Giovanni Boccaccio

Nasce nel 1313. E’ appassionato di Dante e Petrarca.
Il padre è bancario, vive a Napoli alla corte degli Angioini; gli Angioini erano francesi ma per un periodo regnano anche su Napoli. Nella corte, come sappiamo, oltre al re ci sono i cortigiani, i nobili, c’è un ambiente raffinato e colto. La corte è autosufficiente, non si ha bisogno di uscire, i divertimenti dei nobili sono dentro la corte, si fanno i banchetti, si parla. Chi vive in una corte non è costretto a sporcarsi le mani.
Boccaccio apprezza tutto questo. Si trova a suo agio a corte. Frequenta molto la biblioteca della corte angioina, vive tra feste e incontri come i nobili.
Ad un certo punto però la banca dove lavorava il padre fallisce. Le banche prestavano denaro e chiedevano interessi, a volte succedeva che i nobili a cui prestavano il denaro non ridavano i soldi e quando erano in tanti la banca rischiava di fallire.
Il padre di Boccaccio deve lasciare la corte e tornare a Firenze. Firenze è una città borghese, bisognava lavorare per vivere, qui Boccaccio non ha più il benessere che aveva a corte.
Boccaccio poi prenderà i voti, diventando chierico, per avere uno stipendio.
E’ nel periodo fiorentino che Boccaccio scrive il Decameron.
Il Decameron è un’opera in prosa, quindi mentre Petrarca è importante per la poesia, Boccaccio è importante per la prosa.
Abbiamo già visto con Petrarca che si comincia ad affermarsi una mentalità antropocentrica, cioè il pensiero in cui l’uomo è al centro.
Petrarca e Boccaccio usano un volgare fiorentino, Dante, come sappiamo, non usava una sola lingua, sperimenta il volgare, usa parole straniere, inventa parole nuove.

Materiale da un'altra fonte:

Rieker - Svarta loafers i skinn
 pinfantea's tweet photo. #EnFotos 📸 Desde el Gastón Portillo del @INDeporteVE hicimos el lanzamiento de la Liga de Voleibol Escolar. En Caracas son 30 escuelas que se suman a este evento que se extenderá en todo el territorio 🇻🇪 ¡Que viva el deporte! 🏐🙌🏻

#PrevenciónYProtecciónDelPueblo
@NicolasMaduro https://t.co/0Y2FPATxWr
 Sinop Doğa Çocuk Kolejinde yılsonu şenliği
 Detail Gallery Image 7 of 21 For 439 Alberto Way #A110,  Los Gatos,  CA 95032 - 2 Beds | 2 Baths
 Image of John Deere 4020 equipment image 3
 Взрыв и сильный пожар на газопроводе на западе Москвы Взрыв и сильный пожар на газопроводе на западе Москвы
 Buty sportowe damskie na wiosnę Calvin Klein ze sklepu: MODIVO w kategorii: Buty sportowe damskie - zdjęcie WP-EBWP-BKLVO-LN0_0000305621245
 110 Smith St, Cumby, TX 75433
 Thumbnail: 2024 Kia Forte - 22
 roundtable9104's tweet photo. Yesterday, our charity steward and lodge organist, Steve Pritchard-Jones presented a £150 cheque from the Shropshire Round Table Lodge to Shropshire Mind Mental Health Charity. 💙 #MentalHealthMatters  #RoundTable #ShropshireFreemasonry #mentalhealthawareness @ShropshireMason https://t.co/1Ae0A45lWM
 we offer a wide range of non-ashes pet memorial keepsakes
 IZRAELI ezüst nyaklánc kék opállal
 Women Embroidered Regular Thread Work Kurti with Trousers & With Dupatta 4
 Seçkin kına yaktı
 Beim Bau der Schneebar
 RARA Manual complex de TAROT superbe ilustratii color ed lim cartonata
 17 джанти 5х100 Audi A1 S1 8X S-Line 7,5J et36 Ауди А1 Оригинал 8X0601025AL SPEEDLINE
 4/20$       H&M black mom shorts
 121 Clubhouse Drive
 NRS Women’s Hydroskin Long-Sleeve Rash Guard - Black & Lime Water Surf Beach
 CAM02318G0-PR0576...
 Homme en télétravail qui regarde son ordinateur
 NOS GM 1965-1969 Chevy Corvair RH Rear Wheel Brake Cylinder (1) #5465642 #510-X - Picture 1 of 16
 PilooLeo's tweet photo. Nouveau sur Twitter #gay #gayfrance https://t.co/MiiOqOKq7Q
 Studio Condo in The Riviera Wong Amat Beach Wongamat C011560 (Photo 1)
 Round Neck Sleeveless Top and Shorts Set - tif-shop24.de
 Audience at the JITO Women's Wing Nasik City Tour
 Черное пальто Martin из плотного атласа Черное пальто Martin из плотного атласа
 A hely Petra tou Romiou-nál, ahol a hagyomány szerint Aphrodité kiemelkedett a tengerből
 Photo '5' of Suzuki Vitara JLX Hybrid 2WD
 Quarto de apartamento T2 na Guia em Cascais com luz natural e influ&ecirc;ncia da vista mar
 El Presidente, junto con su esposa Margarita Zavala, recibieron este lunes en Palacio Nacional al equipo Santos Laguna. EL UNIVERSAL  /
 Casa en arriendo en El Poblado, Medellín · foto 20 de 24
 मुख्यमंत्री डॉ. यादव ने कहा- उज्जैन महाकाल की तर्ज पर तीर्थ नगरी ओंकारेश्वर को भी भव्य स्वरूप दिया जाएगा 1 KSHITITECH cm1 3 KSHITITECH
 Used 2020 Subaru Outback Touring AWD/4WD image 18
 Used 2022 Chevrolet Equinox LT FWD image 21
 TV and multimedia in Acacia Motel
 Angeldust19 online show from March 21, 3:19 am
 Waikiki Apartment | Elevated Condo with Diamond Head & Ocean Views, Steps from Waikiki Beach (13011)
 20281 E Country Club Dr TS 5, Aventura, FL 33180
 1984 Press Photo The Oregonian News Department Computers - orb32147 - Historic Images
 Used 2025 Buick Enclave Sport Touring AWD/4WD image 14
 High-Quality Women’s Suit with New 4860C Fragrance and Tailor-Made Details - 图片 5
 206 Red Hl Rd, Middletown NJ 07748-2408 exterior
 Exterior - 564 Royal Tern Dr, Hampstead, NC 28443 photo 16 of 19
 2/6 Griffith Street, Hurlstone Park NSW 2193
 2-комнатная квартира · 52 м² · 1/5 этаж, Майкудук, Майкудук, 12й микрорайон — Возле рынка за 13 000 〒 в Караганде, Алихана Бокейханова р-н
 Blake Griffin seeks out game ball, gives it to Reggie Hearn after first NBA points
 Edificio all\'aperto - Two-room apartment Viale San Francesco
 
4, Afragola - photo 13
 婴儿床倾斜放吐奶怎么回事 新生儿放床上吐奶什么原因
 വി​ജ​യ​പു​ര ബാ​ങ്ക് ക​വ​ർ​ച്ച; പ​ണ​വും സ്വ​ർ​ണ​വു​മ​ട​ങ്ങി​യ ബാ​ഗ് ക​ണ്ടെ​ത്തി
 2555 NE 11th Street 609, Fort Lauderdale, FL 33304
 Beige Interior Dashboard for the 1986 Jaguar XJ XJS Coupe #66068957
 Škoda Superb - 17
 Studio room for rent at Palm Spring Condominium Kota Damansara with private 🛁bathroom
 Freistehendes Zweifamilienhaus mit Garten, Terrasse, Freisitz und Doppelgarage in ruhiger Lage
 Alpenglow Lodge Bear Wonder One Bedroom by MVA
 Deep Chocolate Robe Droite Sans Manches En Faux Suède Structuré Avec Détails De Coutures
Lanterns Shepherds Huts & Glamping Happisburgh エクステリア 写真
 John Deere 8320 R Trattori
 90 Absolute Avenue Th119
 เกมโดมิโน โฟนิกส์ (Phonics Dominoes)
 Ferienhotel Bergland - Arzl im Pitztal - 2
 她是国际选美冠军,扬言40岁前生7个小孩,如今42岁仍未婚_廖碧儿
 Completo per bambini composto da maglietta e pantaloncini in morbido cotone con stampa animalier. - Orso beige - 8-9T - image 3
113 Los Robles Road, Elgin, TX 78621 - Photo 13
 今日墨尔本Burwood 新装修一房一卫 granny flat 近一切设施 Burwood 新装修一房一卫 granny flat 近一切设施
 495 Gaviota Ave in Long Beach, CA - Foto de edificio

Bisogna ricordare che esistono due mondi:
La classe borghese: per vivere si deve lavorare, studia la realtà (per produrre, per vendere); capisce i bisogni e si piega a questi bisogni
La nobiltà: non si deve lavorare per vivere, sta nella sua corte, nel suo castello e l’unico problema che ha è passare il tempo; quindi leggono, ascoltano e recitano opere.

Decameron

Viene dal greco deca + emeron che vuol dire “dieci giorni”. Il Decameron si svolge in dieci giorni, è una raccolta di novelle (brevi storie). Forse Boccaccio conosceva e si è ispirato a Le mille e una notte.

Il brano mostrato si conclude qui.